To experiment with regular expressions, see: Regular Expressions 101. This is the explanation given by the website of the expression used in line 12.
"[\d]+[A-Z][\d]*|[\d]+[\s][\d]*"
gm
1st Alternative [\d]+[A-Z][\d]*
Match a single character present in the list below
B matches the character B literally (case sensitive)
Match a single character present in the list below [\d]+
+ Quantifier — Matches between one and unlimited times, as many times as possible, giving back as needed (greedy)
\d matches a digit (equal to [0-9])
Match a single character present in the list below [A-Z]
A-Z a single character in the range between A (index 65) and Z (index 90) (case sensitive)
Match a single character present in the list below [\d]*
* Quantifier — Matches between zero and unlimited times, as many times as possible, giving back as needed (greedy)
\d matches a digit (equal to [0-9])
2nd Alternative [\d]+[\s][\d]*
Match a single character present in the list below
B matches the character B literally (case sensitive)
Match a single character present in the list below [\d]+
+ Quantifier — Matches between one and unlimited times, as many times as possible, giving back as needed (greedy)
\d matches a digit (equal to [0-9])
Match a single character present in the list below [\s]
\s matches any whitespace character (equal to [\r\n\t\f\v ])
Match a single character present in the list below [\d]*
* Quantifier — Matches between zero and unlimited times, as many times as possible, giving back as needed (greedy)
\d matches a digit (equal to [0-9])
Global pattern flags
g modifier: global. All matches (don't return after first match)
m modifier: multi line. Causes ^ and $ to match the begin/end of each line (not only begin/end of string)
EDIT:
The following simpler expression also works for the examples in the code above:
pattern = re.compile(r"([\d][\d A-Z]{7,9})")
# Letter B followed by a number, followed by 7 to 9 numbers, spaces, and/or capital letters
Getting closer, the other issue that i found was a lot records didn't have "B", people for got to put the "B" in front of the building permit. Some records have the following.
34567000 0
12345000 0
45125011A0
Sounds like you aren't going to find a one-script-fits-all solution.
You might have to process and fix in batches... like finding all those records that begin with a "B", then doing those, and finding out how the rest differ.
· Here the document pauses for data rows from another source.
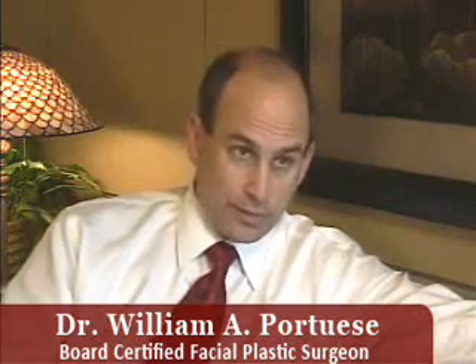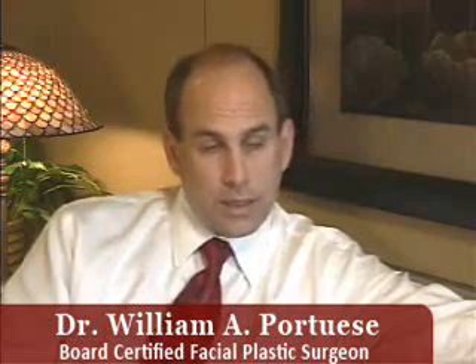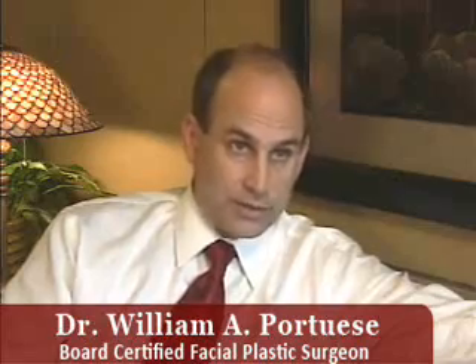The incision for the lower lids is up on the inside of the lower eyelid, and there are no stitches required for that. If there's extra skin present on the lower lids, then we take a little pinch removal of a couple of millimeters of excess skin right at the lash line, and that incision is closed with tissue glue called histacryl — so there are no stitches at all placed on the lower eyelid blepharoplasty.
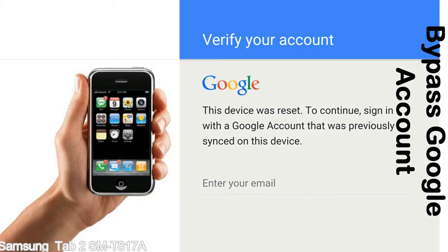Actually, this FRP lock is developed by Google, and we provide our FRP unlock solution for free. Today here we are providing the methods to unlock FRP lock phones. You can use this solution for almost all FRP lock devices.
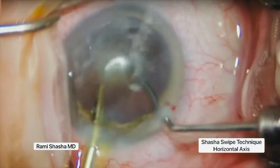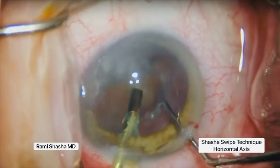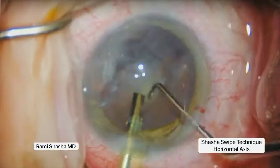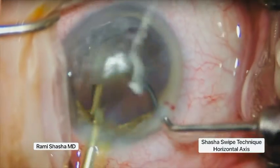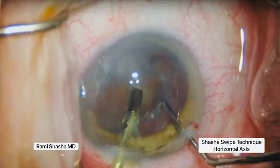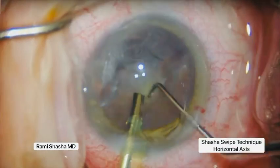In this technique, the chopper will dive down under the hemi nucleus and will elevate it up into the central safe zone. The phaco tip and chopper are then directed towards each other on position one along the same horizontal axis, with the fragment sandwiched in between. This will bisect the hemi nucleus into two pieces and is carried out entirely on irrigation alone.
The one constant appears to be an 8-digit number. Assuming that is the case, the following regex should work to extract the 8-digit number plus 2 afterwards:
>>> l = [
... "New SFR w/Attached Garage, covered parch and patio B24501000 0",
... "B34567000 0 30 X 48 Pole Barn",
... "NEW 22,778 SQ FT B33561000 0 Addition to existing hop building",
... "Residential B14356000 0 Storage",
... "Single Family Res B34561000A0",
... "New SFR w/Attached Garage, covered parch and patio B24501000 0 "
... ]
>>>
>>> for i in l:
... re.findall(r"\d{8}[ \w]\d", i)
...
['24501000 0']
['34567000 0']
['33561000 0']
['14356000 0']
['34561000A0']
['24501000 0']
>>>
Yes, this got me the closest to my goal. I was trying to understand how re.findall patterns work. The [ ] is used to match certain characters, and the reason you didn't use the [ ] was because you were trying to capture the 8 digits and the last two regardless of the alpha "B". After looking at the data i noticed that some didn't have the "B" but had 8-10 digits. I appreciate the help.
Thank you for explaining "Matching characters". Thank you for the help.